A: This was my answer to the question as originally phrased: Once you have one nonmeasurable set with finite outer measure, you can get all positive values by rescaling.  
With the additional requirement that the set is contained in $[0,1]$, this argument will work as long as you have a nonmeasurable subset of outer measure $1$.  Sierpiński and Lusin showed that $[0,1]$ can be decomposed into uncountably many nonmeasurable sets of outer measure $1$ in an article published in 1917, but I do not know the details.  Robert Israel sketches a construction of a Vitali subset of [0,1]  with outer measure 1  in a 1997 sci.math post.
(Oh, and strictly speaking the answer is no, you can't have $x=0$; I suppose you meant $x\in(0,1]$.)
As for the axiom of choice, I'm no expert but have been told that it is consistent with ZF that all subsets of the real line are Lebesgue measurable.  
Peter LeFanu Lumsdaine points out in a comment that the result is due to Robert Solovay.  The 1970 article is on JSTOR, and begins as follows:

A: Let $V$ be a $\mathbb{Q}$ vector subspace of $\mathbb{R}$ of codimension at most countable. Then $\mu^*(V\cap I) = \mu(I)$ for every $I$ interval.
Proof:
We may assumed wlog $1\in V$ (just divide by some non-zero $t\in V$).
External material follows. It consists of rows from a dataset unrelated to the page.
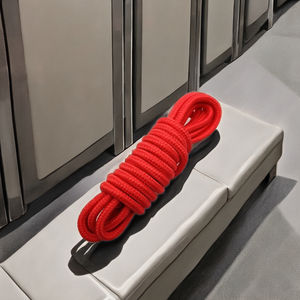 Cordon de serrage de luxe enduit de 5 mm de large en polyester avec logo personnalisé pour sacs, chaussures et vêtements – MOQ 1000 pièces - Product Image 4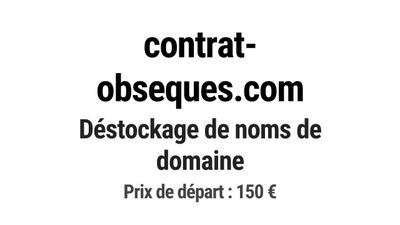 Nom de domaine contrat-obseques.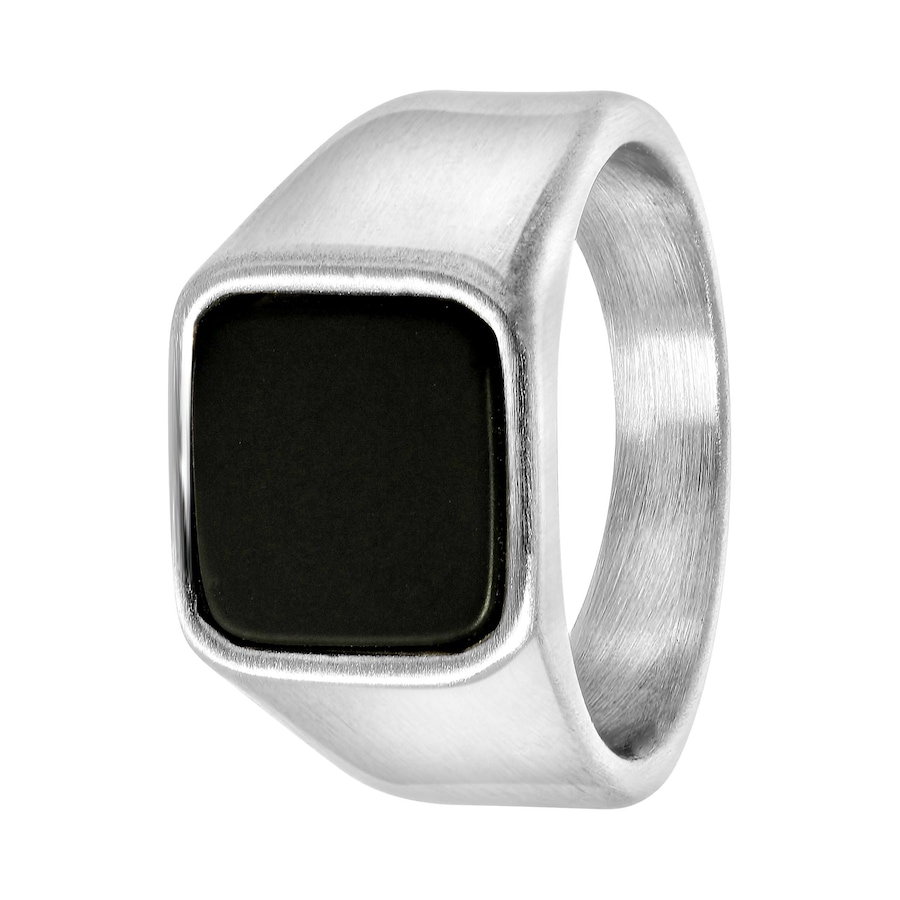 Lucardi Ringe Stahl - silbern 57mm Herren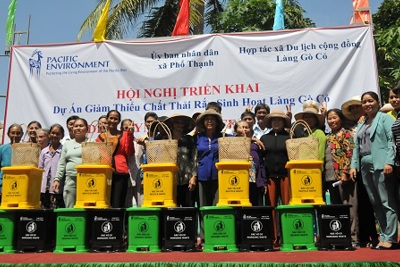 Quảng Ngãi: Người dân Gò Cỏ tự phân loại rác thải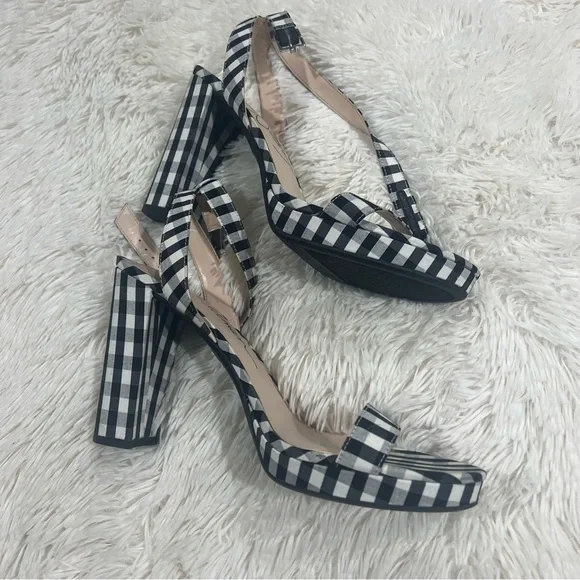 Libby Edelman LE Amanda Buffalo plaid chunky heels Size 11 - Picture 2 of 13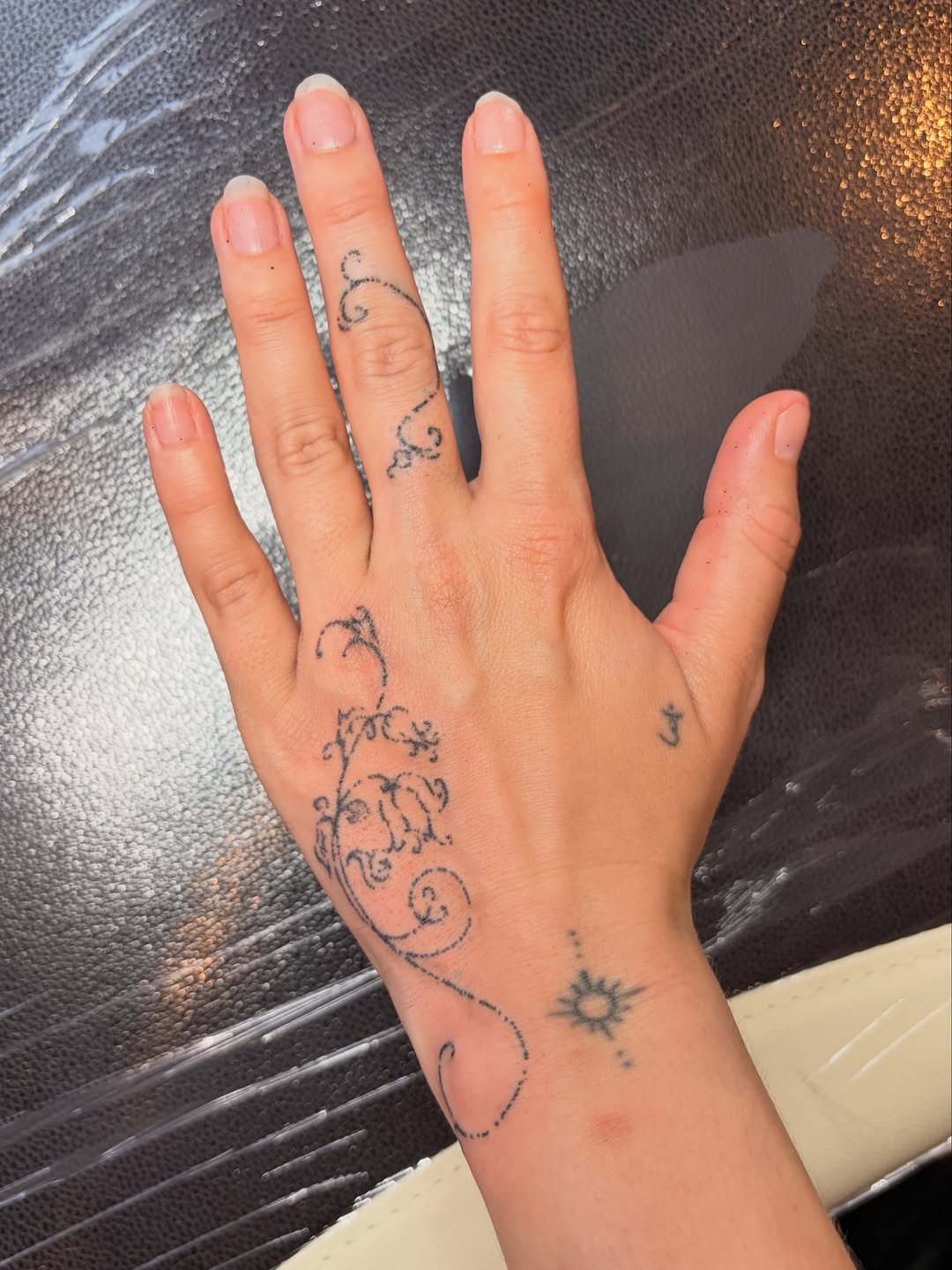 Tattoo by @swamp__slut — fine_line, dotwork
Conclude  $a V + b \subset V$ for all $a$, $b$ in $\mathbb{Q}$
Since a countable union of translates of $V$ covers $\mathbb{R}$ we have $\mu^*(V)>0$. So there exists an interval $I$ with rational ends such that $\mu^*(V\cap I) >(1-\epsilon) \mu(I)$.  Using the rational invariance of $V$ we conclude
$$\mu^*(V\cap I) >(1-\epsilon) \mu(I)$$
for every interval $I$ with rational ends. Therefore
$$\mu^*(V\cap I) =\mu(I)$$
for every interval with rational ends.
Since every finite interval  is contained in one with rational ends, we have the above equality for every finite interval $I$.
Now, take $V$ a complement of $\mathbb{Q}$ in $\mathbb{R}$, that is $V\oplus \mathbb{Q} = \mathbb{R}$. Then $V$ is a VItali set.   Consider some $x>0$.  We have $\mu^*(V\cap [0,x])=x$.  Complete $V\cap[0,x]$ to a Vitali subset $W$ of $[0,x]$ with $\mu^*(W)=x$.